Au résumé, maison mal tenue, d'apparence morne et grognon. Sa façade semblait dire: Je suis ce que je suis. Qui ne veut de moi peut passer.
C'était là qu'avaient demeuré Beaujon et Defodon. Je m'enquis auprès de la propriétaire qui occupait le bureau. Elle m'indiqua la chambre. J'y montai rapidement, par un vieil escalier, large et solide, à rampe fièrement campée, à balustrade massive, surchargée de poussière, où mes doigts témoignèrent par écrit qu'on n'avait guère épousseté.
Je frappai à une lourde porte, qui s'ouvrit aussitôt. Maurice était seul. Je regardai autour de moi avec curiosité.
—Voici la chambre, me dit Maurice.
La description qui avait été faite par Beaujon à l'audience était exacte. C'était une grande pièce, d'anciennes construction et disposition, comme toute la maison, une de ces chambres comme on n'en trouve plus qu'au Marais ou dans le faubourg Saint-Germain. Les murs étaient couverts d'un papier autrefois décoré de fleurs, mais aujourd'hui de couleur si ternie, si fanée, que tout disparaissait sous une même teinte grisâtre. Il était déchiré en plusieurs endroits, notamment au-dessus de la plinthe.

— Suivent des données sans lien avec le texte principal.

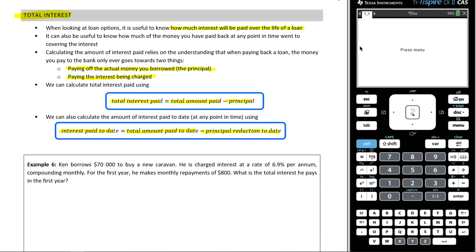All right, that seems all a little complicated, doesn't it? But we're now going to look at some amortization tables, which will make this a bit clearer.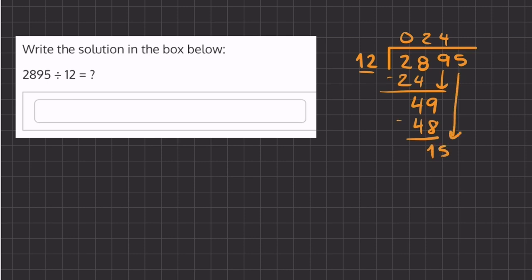So now we'll ask how many times does 12 go into 15, and that is once, and we'll have a remainder of 3. Now we have to place a decimal because we still have a remainder and we want to continue solving.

En entrant on avait à sa droite la fenêtre haute et large ouvrant sur la rue; à sa gauche, occupant presque toute la largeur du panneau, un lit, forme dite bateau. De grands rideaux de calicot blanc, bordés d'une bande de jaconas à fleurs jaunes, pendaient d'une flèche fixée au mur et enveloppaient le lit; trop courts cependant pour toucher le parquet, ils s'arrêtaient à mi-hauteur du bateau. À la tête du lit, un de ces meubles, connus de nos pères sous le nom de servantes, faisait office de table de nuit. En face de la porte, une cheminée surmontée d'une glace faite de deux morceaux, encadrée de bois peint en blanc: dans ce cadre, au-dessus du miroir, les restes d'une vieille peinture qui au temps jadis avait eu la prétention de représenter des amours lutinant une nymphe. Auprès de la cheminée un fauteuil en velours d'Utrecht, forme dite bergère; à terre, devant le lit, une descente de lit coupée dans quelque ancienne tapisserie. En face de la cheminée, c'est-à-dire auprès de la porte d'entrée, un bureau en bois noirci.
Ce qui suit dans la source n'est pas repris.